• _TASK GOAL_:
Each line in the material below, starting at the one that contains "Valentine's black Tote Bag (AOP)" and ending at the one that contains "Famassi Office Desk", should be repeated exactly; the pictures should not.

• _PROVIDED INFORMATION_:
○ ○ ○ ○

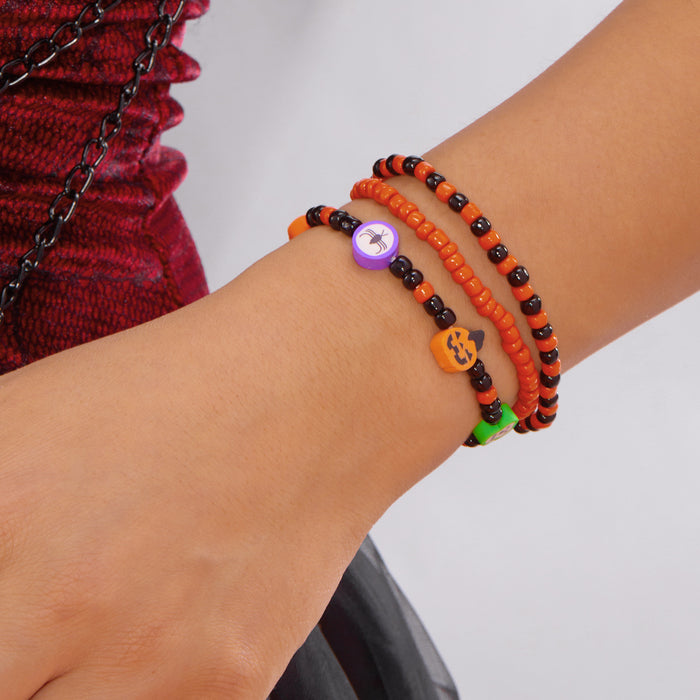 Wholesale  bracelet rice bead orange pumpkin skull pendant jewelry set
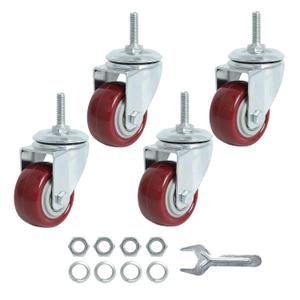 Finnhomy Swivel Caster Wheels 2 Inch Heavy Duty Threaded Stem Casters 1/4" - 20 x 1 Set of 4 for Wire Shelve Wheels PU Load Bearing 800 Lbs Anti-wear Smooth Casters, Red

○ ○ ○ ○

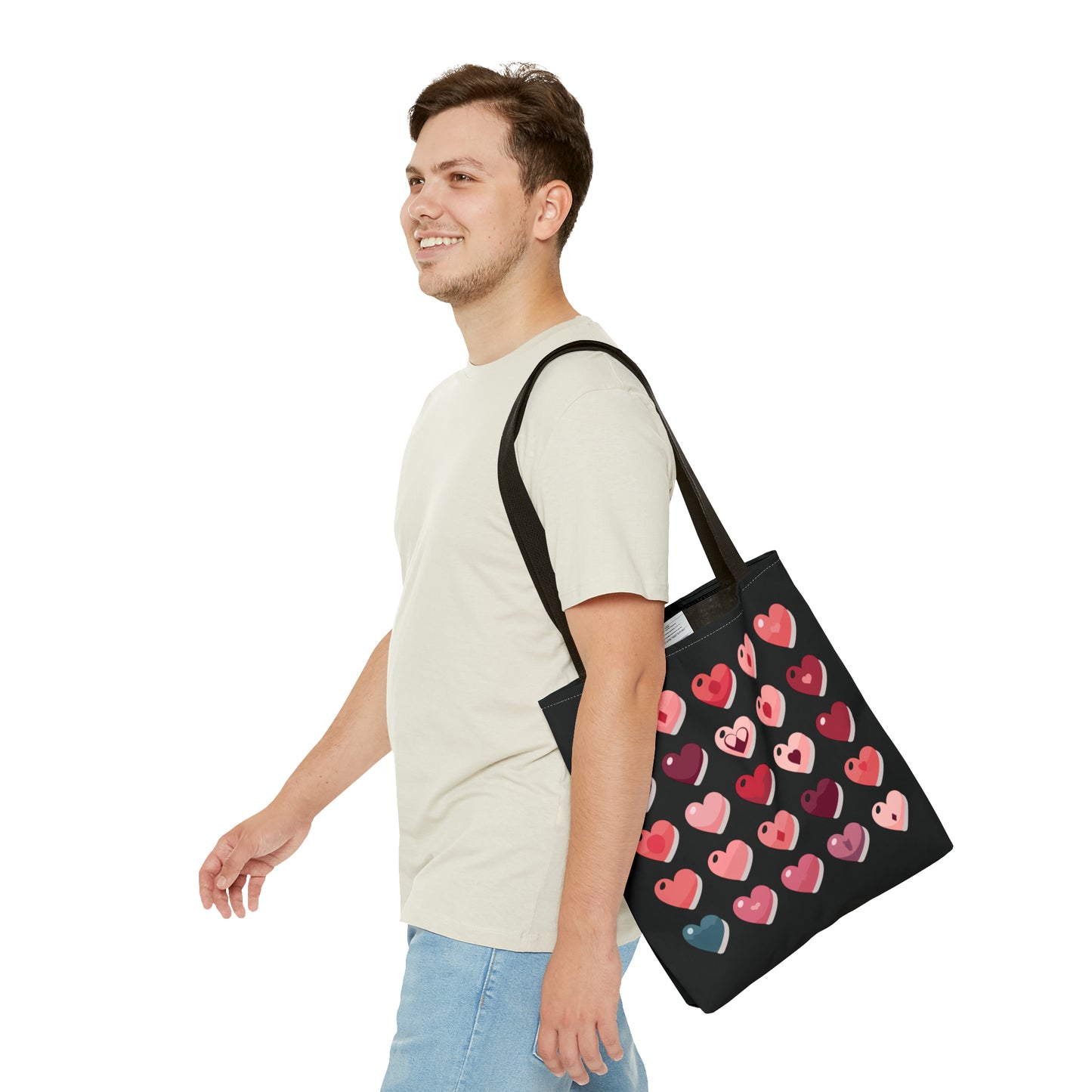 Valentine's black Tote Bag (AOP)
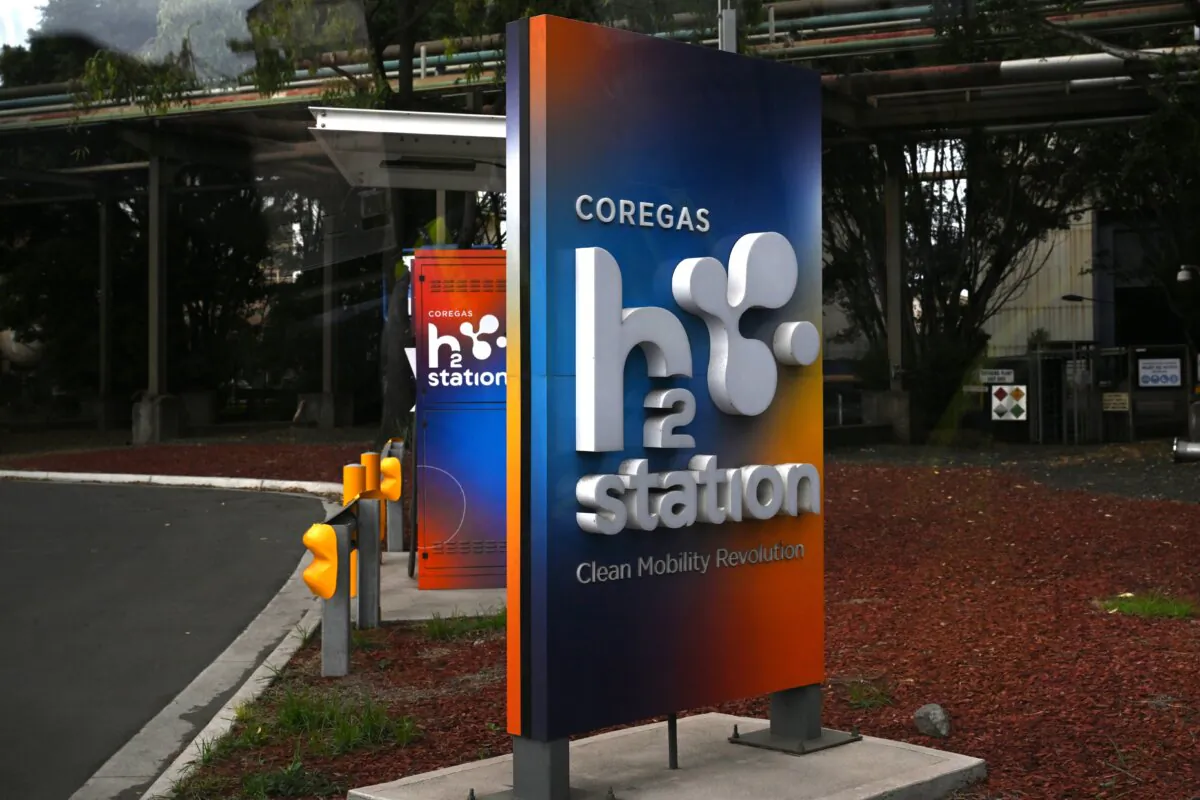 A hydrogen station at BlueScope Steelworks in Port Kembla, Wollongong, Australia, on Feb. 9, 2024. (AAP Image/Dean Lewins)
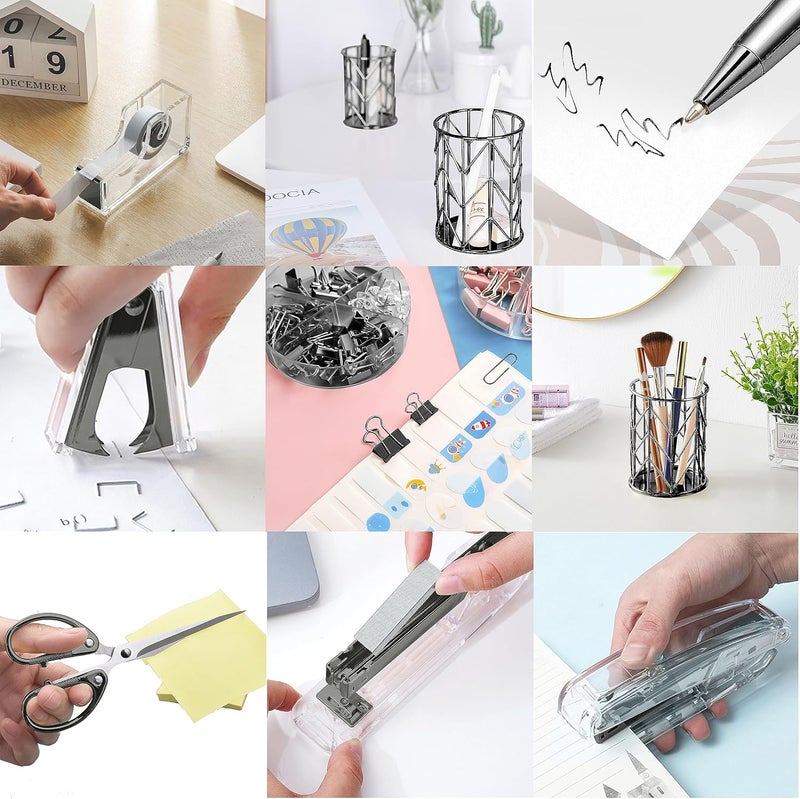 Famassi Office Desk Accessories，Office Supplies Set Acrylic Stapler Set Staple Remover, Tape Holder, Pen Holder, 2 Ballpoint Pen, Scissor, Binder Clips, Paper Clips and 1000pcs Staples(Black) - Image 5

○ ○ ○ ○

• _TASK ANSWER_:
 Valentine's black Tote Bag (AOP)
 A hydrogen station at BlueScope Steelworks in Port Kembla, Wollongong, Australia, on Feb. 9, 2024. (AAP Image/Dean Lewins)
 Famassi Office Desk Accessories，Office Supplies Set Acrylic Stapler Set Staple Remover, Tape Holder, Pen Holder, 2 Ballpoint Pen, Scissor, Binder Clips, Paper Clips and 1000pcs Staples(Black) - Image 5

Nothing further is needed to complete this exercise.